Actor Simon Pegg says that the Mission: Impossible — Rogue Nation trailer had one job, and that was to top the Mission: Impossible - Ghost Protocol trailer. And that meant topping the tallest man-made structure in the world.

Mission: Impossible star Tom Cruise climbed the Burj Khalifa tower sans-stunt double for 2011's Ghost Protocol (though with plenty of safety wires that were removed in post-production), and that meant that there was only one option for Rogue Nation, Pegg explained to Spinoff Online.

The only way he could top climbing the tallest building in the world is to be on something that isn't attached to the ground and higher up, and it was like, "Well, that's a plane." The only thing you can do is an airplane, and he did it [laughs]. And a gaffer tapes him to the side of it and off he went [...] When you watch it in the trailer, when you do it on a working day, it's like, "Wow! That's amazing ... Yeah, OK. Move on. What's next?" Whereas you see in the trailer, it's like, ‘Fuck — that's insane!" So I'm very excited for audiences to see it.

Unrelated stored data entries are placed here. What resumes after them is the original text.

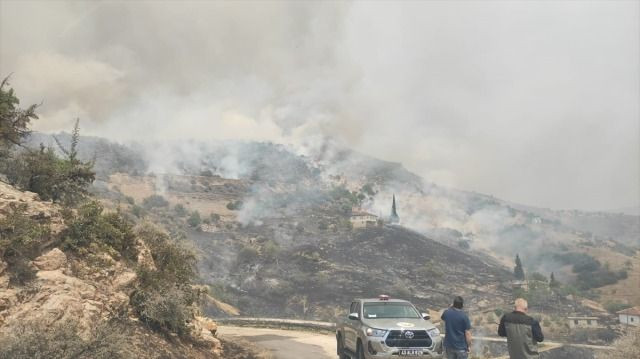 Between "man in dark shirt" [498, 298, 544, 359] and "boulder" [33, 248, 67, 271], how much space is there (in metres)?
10.5

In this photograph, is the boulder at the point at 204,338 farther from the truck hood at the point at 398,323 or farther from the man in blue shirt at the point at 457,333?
the man in blue shirt at the point at 457,333

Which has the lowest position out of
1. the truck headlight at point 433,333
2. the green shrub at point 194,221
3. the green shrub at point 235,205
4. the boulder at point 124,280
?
the truck headlight at point 433,333

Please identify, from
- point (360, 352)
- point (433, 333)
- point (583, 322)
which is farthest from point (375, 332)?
point (583, 322)

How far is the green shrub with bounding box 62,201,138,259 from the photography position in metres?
13.3

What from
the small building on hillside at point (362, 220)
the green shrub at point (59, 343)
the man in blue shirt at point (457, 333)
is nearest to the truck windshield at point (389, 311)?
the man in blue shirt at point (457, 333)

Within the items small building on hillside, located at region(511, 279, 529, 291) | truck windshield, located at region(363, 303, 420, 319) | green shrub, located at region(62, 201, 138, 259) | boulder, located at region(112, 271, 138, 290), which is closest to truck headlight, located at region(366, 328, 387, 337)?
truck windshield, located at region(363, 303, 420, 319)

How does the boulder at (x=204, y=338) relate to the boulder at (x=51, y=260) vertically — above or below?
below

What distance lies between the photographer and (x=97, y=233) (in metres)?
13.8

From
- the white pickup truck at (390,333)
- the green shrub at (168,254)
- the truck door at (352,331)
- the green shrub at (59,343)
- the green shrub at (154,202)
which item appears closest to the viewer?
the green shrub at (59,343)

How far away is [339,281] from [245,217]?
172 feet

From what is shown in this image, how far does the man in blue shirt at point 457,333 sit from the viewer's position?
881 cm

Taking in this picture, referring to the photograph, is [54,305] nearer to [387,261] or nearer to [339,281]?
[339,281]

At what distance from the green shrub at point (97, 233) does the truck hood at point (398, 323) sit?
772 cm

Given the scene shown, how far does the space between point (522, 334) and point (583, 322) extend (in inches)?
3576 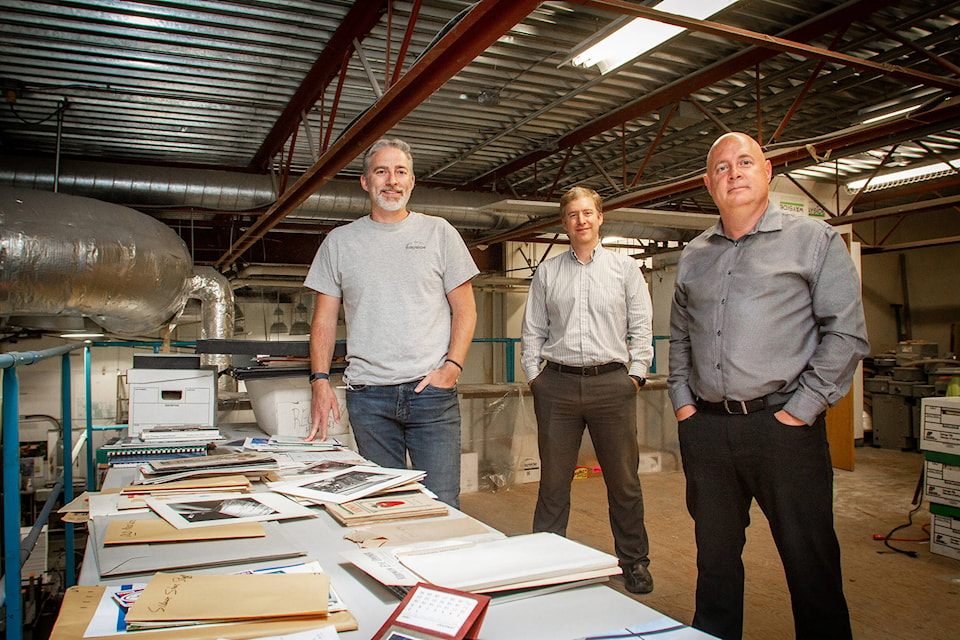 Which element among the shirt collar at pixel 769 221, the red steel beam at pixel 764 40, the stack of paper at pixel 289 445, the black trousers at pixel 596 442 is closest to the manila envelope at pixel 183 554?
the stack of paper at pixel 289 445

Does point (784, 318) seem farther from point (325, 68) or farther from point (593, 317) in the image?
point (325, 68)

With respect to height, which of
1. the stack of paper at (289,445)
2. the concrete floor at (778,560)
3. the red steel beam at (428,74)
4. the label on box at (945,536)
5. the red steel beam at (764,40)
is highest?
the red steel beam at (764,40)

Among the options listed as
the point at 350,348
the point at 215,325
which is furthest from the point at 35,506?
the point at 350,348

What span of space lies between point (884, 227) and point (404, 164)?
1001 cm

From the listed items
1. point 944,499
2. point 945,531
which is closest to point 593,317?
point 944,499

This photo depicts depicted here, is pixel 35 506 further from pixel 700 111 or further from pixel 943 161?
pixel 943 161

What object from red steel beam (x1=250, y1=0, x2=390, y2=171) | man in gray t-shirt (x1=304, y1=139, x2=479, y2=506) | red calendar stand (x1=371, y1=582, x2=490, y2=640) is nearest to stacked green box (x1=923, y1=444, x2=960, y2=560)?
man in gray t-shirt (x1=304, y1=139, x2=479, y2=506)

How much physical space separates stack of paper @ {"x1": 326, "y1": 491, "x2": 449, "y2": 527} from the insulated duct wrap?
3.12 metres

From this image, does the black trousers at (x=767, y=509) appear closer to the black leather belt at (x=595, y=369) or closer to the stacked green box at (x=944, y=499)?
the black leather belt at (x=595, y=369)

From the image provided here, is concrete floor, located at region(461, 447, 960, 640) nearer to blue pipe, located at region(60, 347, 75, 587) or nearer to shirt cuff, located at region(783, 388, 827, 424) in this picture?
shirt cuff, located at region(783, 388, 827, 424)

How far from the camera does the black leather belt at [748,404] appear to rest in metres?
1.58

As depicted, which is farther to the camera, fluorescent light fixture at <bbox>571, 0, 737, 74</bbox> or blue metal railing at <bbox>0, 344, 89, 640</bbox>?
fluorescent light fixture at <bbox>571, 0, 737, 74</bbox>

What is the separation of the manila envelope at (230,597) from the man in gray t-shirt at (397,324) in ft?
3.17

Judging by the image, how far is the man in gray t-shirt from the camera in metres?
1.83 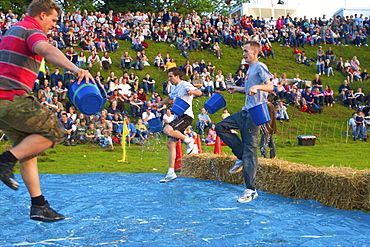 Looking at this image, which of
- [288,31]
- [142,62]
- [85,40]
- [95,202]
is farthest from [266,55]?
[95,202]

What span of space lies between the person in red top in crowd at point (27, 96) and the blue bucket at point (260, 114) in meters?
2.43

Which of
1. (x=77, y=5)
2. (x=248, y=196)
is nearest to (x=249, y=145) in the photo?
(x=248, y=196)

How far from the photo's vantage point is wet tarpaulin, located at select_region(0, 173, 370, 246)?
3816 millimetres

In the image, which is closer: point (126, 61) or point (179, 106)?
point (179, 106)

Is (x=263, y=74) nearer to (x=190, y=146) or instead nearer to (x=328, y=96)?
(x=190, y=146)

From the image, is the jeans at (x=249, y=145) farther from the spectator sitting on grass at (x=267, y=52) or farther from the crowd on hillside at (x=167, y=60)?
the spectator sitting on grass at (x=267, y=52)

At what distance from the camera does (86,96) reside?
159 inches

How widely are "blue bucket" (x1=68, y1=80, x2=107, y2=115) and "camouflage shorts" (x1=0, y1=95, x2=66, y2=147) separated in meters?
0.39

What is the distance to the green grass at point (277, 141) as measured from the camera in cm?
1069

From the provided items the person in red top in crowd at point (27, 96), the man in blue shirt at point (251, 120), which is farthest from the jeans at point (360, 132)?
the person in red top in crowd at point (27, 96)

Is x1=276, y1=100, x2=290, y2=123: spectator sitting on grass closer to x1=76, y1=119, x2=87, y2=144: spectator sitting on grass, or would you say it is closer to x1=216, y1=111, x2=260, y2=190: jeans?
x1=76, y1=119, x2=87, y2=144: spectator sitting on grass

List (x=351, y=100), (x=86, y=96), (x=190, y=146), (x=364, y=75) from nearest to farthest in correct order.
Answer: (x=86, y=96), (x=190, y=146), (x=351, y=100), (x=364, y=75)

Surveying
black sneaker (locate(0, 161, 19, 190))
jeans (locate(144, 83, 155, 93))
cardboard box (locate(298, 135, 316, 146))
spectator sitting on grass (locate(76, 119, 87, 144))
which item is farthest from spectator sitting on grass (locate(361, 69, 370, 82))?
black sneaker (locate(0, 161, 19, 190))

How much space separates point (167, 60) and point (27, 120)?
1862 cm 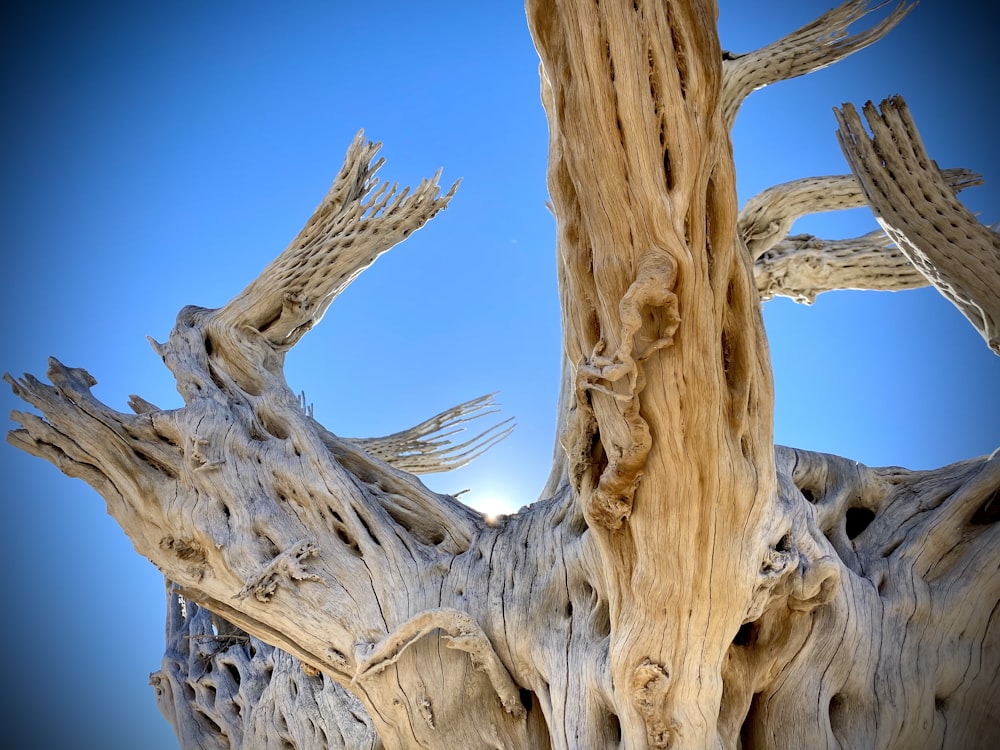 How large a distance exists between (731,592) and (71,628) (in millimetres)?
8231

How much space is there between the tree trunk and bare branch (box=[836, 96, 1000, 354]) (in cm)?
1

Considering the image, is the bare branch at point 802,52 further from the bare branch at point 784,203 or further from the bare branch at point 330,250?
the bare branch at point 330,250

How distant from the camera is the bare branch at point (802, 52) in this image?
400 centimetres

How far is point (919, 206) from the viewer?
3482 millimetres

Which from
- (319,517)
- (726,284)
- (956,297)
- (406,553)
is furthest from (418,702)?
(956,297)

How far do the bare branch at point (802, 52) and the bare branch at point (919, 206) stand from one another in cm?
70

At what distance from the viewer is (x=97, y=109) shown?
7531 millimetres

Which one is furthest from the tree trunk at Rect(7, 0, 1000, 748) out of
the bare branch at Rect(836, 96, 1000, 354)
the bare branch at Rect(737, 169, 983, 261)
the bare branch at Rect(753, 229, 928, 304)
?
the bare branch at Rect(753, 229, 928, 304)

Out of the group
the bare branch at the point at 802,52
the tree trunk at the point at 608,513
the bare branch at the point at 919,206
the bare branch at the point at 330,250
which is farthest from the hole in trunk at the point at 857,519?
the bare branch at the point at 330,250

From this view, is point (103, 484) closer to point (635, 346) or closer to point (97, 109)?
point (635, 346)

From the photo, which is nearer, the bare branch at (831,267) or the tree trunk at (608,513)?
the tree trunk at (608,513)

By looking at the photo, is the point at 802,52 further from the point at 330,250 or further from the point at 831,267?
the point at 330,250

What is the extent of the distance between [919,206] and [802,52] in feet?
3.61

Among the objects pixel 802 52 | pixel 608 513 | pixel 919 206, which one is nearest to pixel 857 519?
pixel 919 206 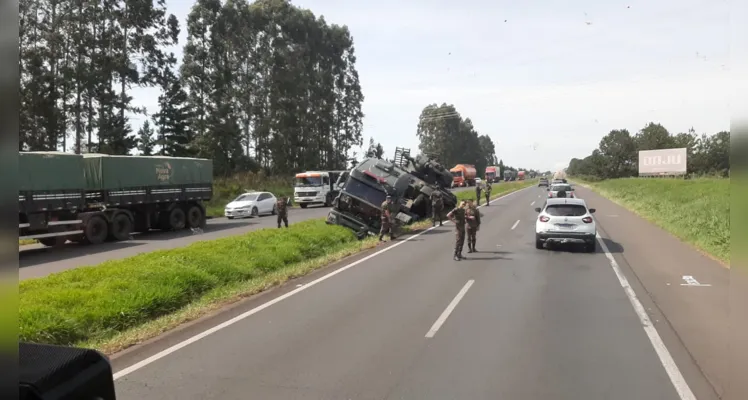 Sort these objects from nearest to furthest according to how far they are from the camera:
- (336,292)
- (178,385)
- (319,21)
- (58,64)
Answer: (178,385) → (336,292) → (58,64) → (319,21)

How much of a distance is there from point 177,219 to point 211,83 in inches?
1096

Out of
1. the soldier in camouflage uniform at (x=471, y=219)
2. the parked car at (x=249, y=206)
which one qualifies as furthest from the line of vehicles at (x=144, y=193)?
the soldier in camouflage uniform at (x=471, y=219)

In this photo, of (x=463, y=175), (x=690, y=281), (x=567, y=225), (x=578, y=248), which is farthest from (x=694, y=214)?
(x=463, y=175)

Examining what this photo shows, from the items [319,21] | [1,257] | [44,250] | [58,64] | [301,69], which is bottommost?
[44,250]

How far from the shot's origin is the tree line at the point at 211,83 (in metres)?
35.9

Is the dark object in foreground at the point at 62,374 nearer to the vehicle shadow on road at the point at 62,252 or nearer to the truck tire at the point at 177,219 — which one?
the vehicle shadow on road at the point at 62,252

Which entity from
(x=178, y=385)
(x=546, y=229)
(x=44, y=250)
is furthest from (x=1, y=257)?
(x=44, y=250)

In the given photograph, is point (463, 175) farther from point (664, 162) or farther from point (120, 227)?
point (120, 227)

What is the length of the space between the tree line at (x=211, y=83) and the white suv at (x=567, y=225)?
2310 cm

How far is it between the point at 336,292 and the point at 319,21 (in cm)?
5766

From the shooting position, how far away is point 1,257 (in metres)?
1.87

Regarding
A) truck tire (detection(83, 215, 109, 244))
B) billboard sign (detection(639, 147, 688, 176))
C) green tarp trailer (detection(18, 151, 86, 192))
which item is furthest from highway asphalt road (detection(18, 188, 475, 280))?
billboard sign (detection(639, 147, 688, 176))

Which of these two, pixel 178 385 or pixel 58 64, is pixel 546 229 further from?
pixel 58 64

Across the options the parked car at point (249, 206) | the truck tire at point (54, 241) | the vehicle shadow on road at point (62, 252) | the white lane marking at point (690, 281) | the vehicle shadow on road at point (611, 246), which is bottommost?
the vehicle shadow on road at point (62, 252) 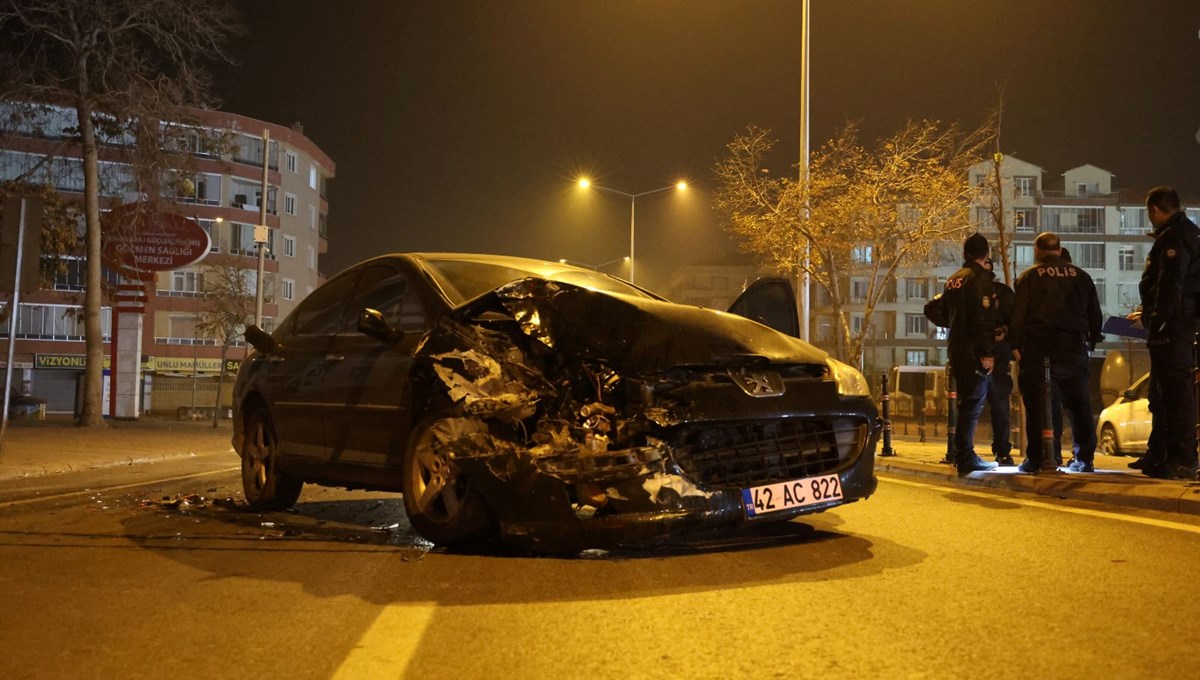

Pegg also answered questions about the future of the Star Trek franchise. While 2009's Star Trek reboot was generally well received, Star Trek Into Darkness took a lot of criticism from fans and viewers for casting a white, British actor to play the canonically (even given the alternate timeline of the new films) West Indian-descended Khan Noonien Singh, as well as including a scene in which the film's hero violated a subordinate crew woman's expressly stated desire for privacy and played it for laughs. To many, these elements stuck out like sore thumbs against the franchise's six decade commitment to depicting a diverse and egalitarian future.

The actor, who is co-writing the screenplay for the as-yet-unnamed sequel to Into Darkness, says he wants to get back to Star Trek's roots.

I think we just want to take it forward with the spirit of the TV show. And it's a story about frontierism and adventure and optimism and fun, and that's where we want to take it, you know. Where no man has gone before — where no one has gone before, sensibly corrected for a slighter more enlightened generation.

That's a statement that is sure to excite Trek fans who feel that J.J. Abrams' adaptations have strayed from the spirit of Star Trek. The film is also likely to have Idris Elba as its villain, though there's no word yet on what sort of villain he'll be.